Les Amanins, c’est donc un projet de transmission et de formation global, avec différentes échelles de profondeur : de la sensibilisation, et de la formation professionnalisante.
Et cela, nous l’avons réalisé de manière autonome, sans aucune aide du public ni du privé.
Si cela a pu marcher ainsi pendant un certain temps, ce fonctionnement a aujourd’hui atteint ses limites.
Les Amanins rendent service à la société en formant des acteurs, des gens, des citoyens qui, à leur tour, restituent cela à la société en créant des projets qui font sens sur le territoire.
Mais pour pouvoir poursuivre cela, aujourd’hui, nous devons faire appel sur du long terme à des partenaires privés, publics, voire de la société civile.
Les Amanins est, de fait, un centre professionnalisant de l’agroécologie au service du bien vivre ensemble sur les territoires. Mais pour ce faire, le projet doit se restructurer dans des formes de partenariats pour prendre une nouvelle dimension dans son énergie de transmission.

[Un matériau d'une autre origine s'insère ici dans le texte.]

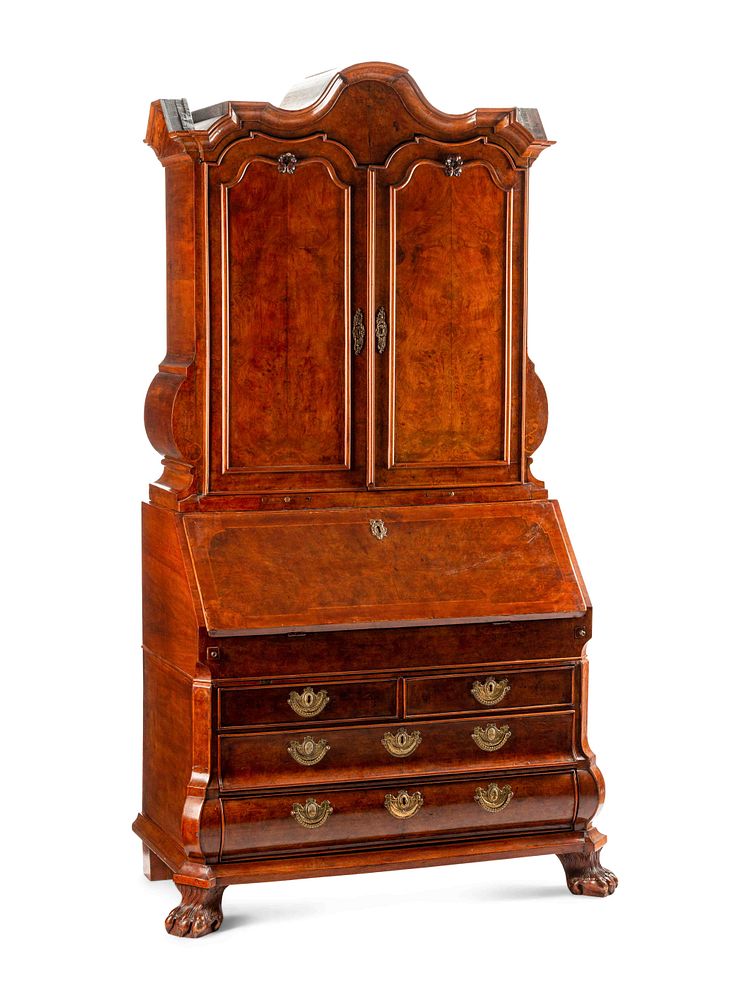 Appraisal: A Dutch Burl Walnut Secretary A Dutch Burl Walnut Secretary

En pratique : un travail sur 3 axes
Pour ancrer cette dimension de centre de formation professionnalisant sur le bien vivre ensemble en ruralité, nous nous appuyons sur 3 axes fondamentaux dans notre histoire de ces 20 dernières :
- les paysages régénératifs, c’est-à-dire les dimensions agroécologiques au sens large. Nous travaillons avec des partenaires locaux qui nous sont chers, tels que Permalab, les Alvéoles, Dryades, Dromolib, sur les métiers liés aux infrastructures et à l’agriculture, en lien avec le réchauffement climatique, et ses capacités à pérenniser les modèles.
- l’accueil : le savoir-faire sur l’accueil (sa qualité, la convivialité), nous sont régulièrement rapportés par les séjournants des Amanins, ainsi que notre capacité unique à sensibiliser autour de savoirs liés à la transition écologique et sociale.
- l’éducation à la paix et à la coopération, structurée autour de l’école du Colibri et des savoirs expérimentés par Isabelle Peloux (co-fondatrice des Amanins) : l’enjeu de cet axe est d’apprendre à vivre ensemble, à s’écouter, à prendre soin de soi, des autres et de la nature.
Ces 3 axes constituent la structure du travail qui va être réalisé aux Amanins sur les 3 années qui viennent.
En conclusion
Lorsqu’on regarde le monde tel qu’il est et tel que les médias nous le partagent, on pourrait penser que le mouvement que nous sommes en train d’enclencher est totalement antinomique à ce qu’il se passe actuellement dans la société.
Et pourtant, c’est bien cela qui motive l’équipe des Amanins, qu’il s’agisse de la Scop, de l’association, des salariés, des administrateurs, des partenaires : c’est de contribuer à un projet qui nous dépasse, qui fait sens pour la société, dans une dimension du prendre soin et de la paix entre nous, humains, et sur nos territoires.